Extracted data entries:
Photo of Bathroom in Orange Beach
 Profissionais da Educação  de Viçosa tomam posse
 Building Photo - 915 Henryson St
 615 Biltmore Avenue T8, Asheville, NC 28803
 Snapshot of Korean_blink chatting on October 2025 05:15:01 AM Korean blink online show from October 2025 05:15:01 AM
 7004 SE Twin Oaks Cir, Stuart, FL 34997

EXERCISE BRIEF: Each line from the top of the records down to the one with "615 Biltmore Avenue T8, Asheville, NC 28803" must be retyped exactly; include both ends and nothing else.

ANSWER BELOW:
Photo of Bathroom in Orange Beach
 Profissionais da Educação  de Viçosa tomam posse
 Building Photo - 915 Henryson St
 615 Biltmore Avenue T8, Asheville, NC 28803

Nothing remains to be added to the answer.